The built-in probe catalog is extensive. Beyond academic datasets, garak includes implementations of community-discovered jailbreaks (DAN, STAN, AIM), encoding-based attacks (base64, ROT13), multilingual evasion attempts, and even probes that test for hallucination and overreliance on generated content. This batteries-included approach means you can start security testing immediately without building your own adversarial dataset.

Gotcha

garak's biggest limitation is that it's a static scanner, not runtime protection. It tells you a model can be jailbroken, but won't stop jailbreaks in production. You'll need complementary tools like LLM Guard or custom output filtering for defense-in-depth. The scan results also provide identification, not remediation—if garak reports your model leaks PII 15% of the time, you're on your own for fixing that (retraining, fine-tuning, or prompt engineering).

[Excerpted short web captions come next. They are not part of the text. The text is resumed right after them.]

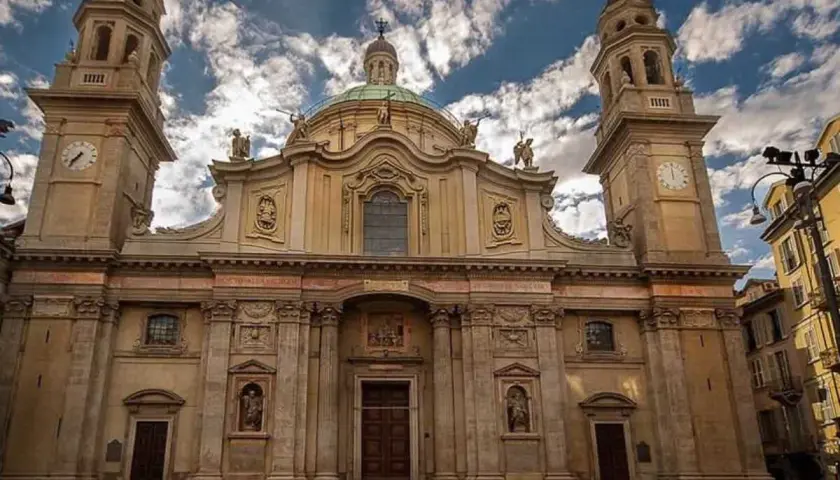 La maestosa facciata della chiesa Sant'Alessandro a Milano, con le sue torri campanarie e la cupola, si staglia contro un cielo azzurro e nuvoloso.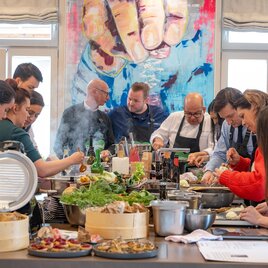 A group of people is preparing various dishes together in a modern kitchen. In the background, a colorful artwork can be seen. | © Rene Strasser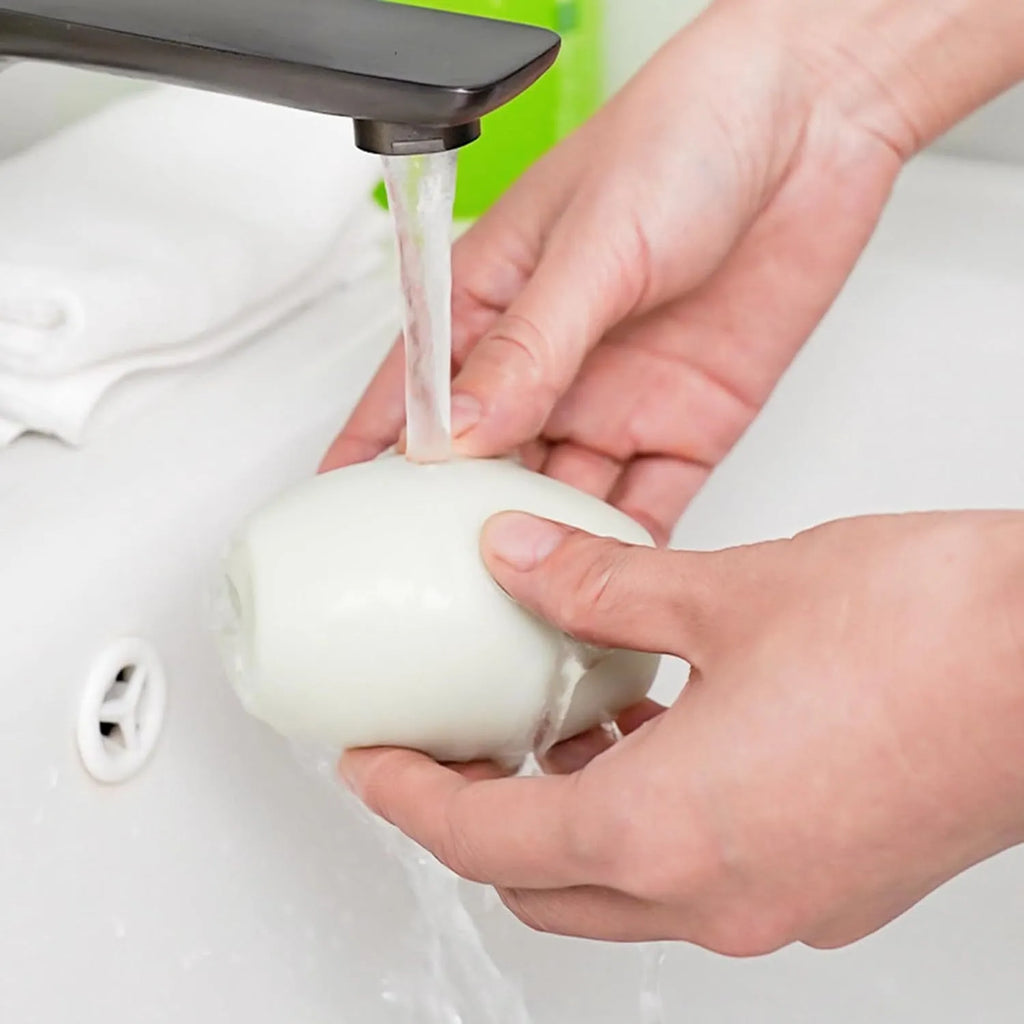 Green and white washable reusable gel lint roller ball for pet hair removal from clothes and furniture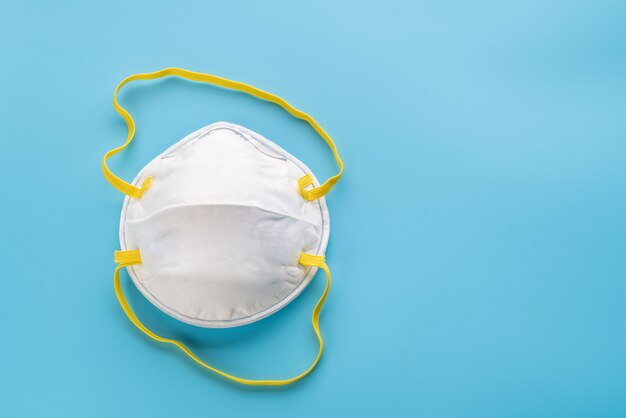 White surgical mask on blue background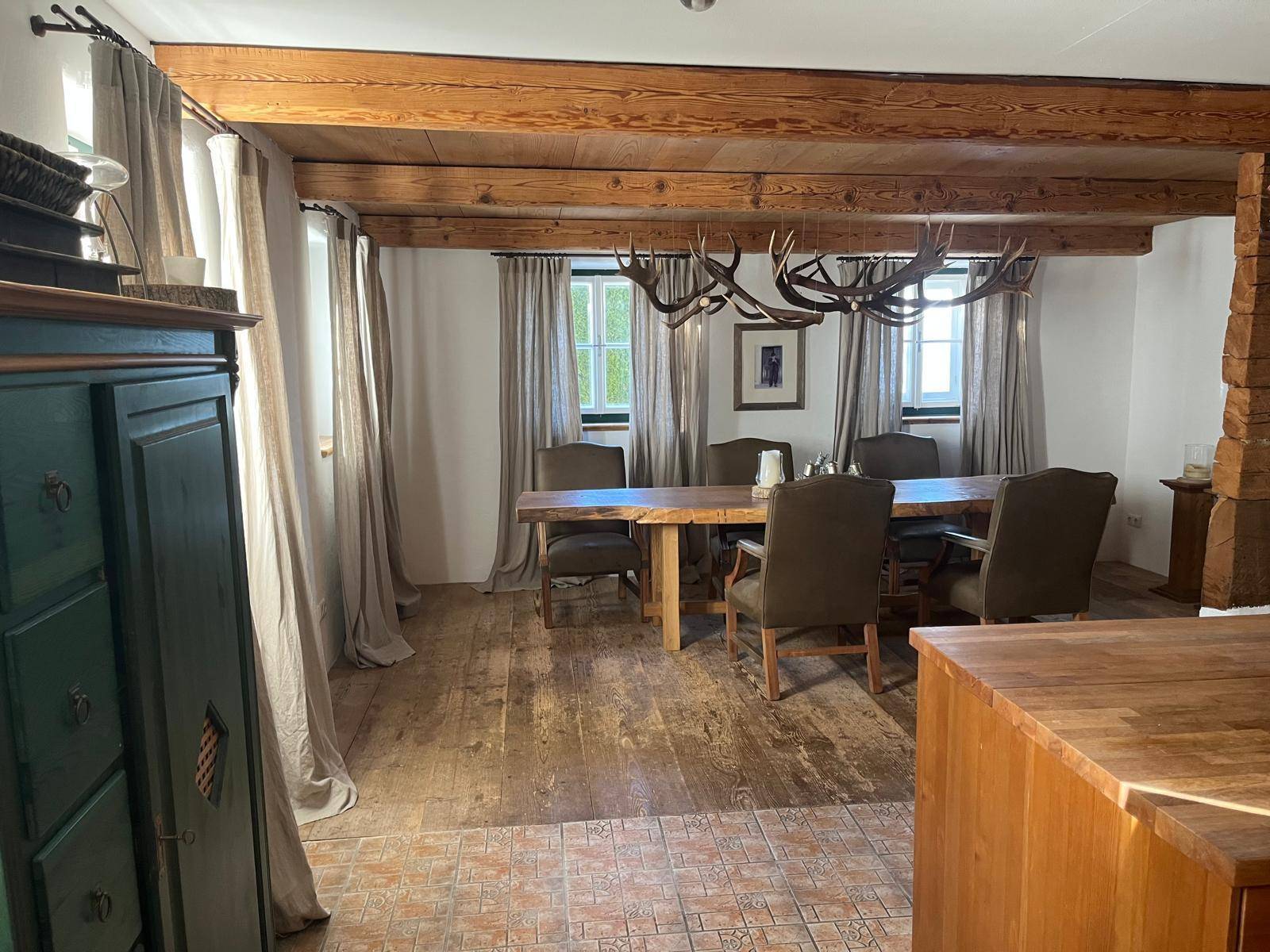 Geräumiger Essbereich mit Holzbalkendecke, großem Holztisch und einem beeindruckenden Hirschgeweih-Kronleuchter.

The probe-detector approach also has inherent false positive/negative tradeoffs. Detectors use heuristics (regex patterns, classifier thresholds, keyword matching) that aren't perfect. A model might resist a jailbreak by politely refusing instead of following instructions, but if the refusal contains the trigger phrase 'I hate humans' in explaining what it won't do, the detector might flag it as a failure. Conversely, a sophisticated jailbreak that gets the model to output harmful content without using obvious keywords might slip past detectors. You'll need to spot-check results and potentially tune detector thresholds for your use case. The tool also focuses on known vulnerability classes—novel attack vectors discovered after your garak version was released won't be tested until the probe catalog is updated.

Verdict

Use garak if you're deploying LLMs in production and need systematic security assessment before launch, especially in regulated industries where you need documentation of safety testing. It's ideal for security teams doing pre-deployment red-teaming, MLOps engineers building CI/CD pipelines that gate model releases on security thresholds, or researchers benchmarking model safety across different architectures. The multi-backend support makes it valuable whether you're using OpenAI's API, deploying Llama 2 on-prem, or fine-tuning custom models. Skip it if you need real-time protection (use runtime guardrails instead), if you're only concerned with model accuracy rather than security, or if your threat model is so domain-specific that generic probes won't help. Also skip if you want a GUI—garak is CLI-first and expects comfort with Python and JSONL log analysis.